Gift Of Jericho said:


> Lets not forget that Roman Reigns roasted the king of shit talking. just saying...


LOL "roasted". That response was embarrassing, but not to the intended target.


----------



## IronMan8 (Dec 25, 2015)

If they booked Cena to get the upperhand verbally before the match, it's because Roman would be going over. Cena would actually do a great job of setting Roman up for a big face victory.

But not yet.

Both men are yet to face Taker and Roman isn't at his peak like Cena was when he faced The Rock. 

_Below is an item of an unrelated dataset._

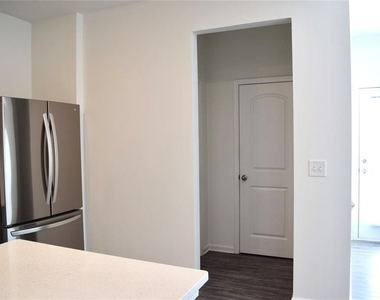 541 Ruths Drive - Photo Thumbnail 13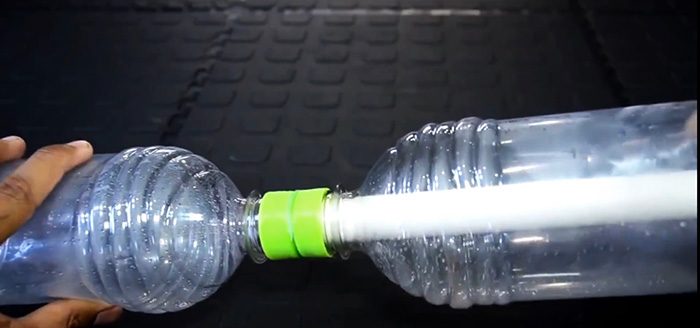 Как с помощью бутылок очистить мутную воду до кристальной чистоты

Reigns vs Cena should happen in 2-5 years when they can promote it as "the greatest Wrestlemania main event of all time" and then do a sequel.


----------



## Dolorian (Oct 5, 2015)

*Re: Cena vs. Reigns clashing on twitter*



Negan said:


> Other than the part timer digs that has already been done to Cena on SD, what could they possibly write for Roman that would equal the stuff Cena can say about Roman?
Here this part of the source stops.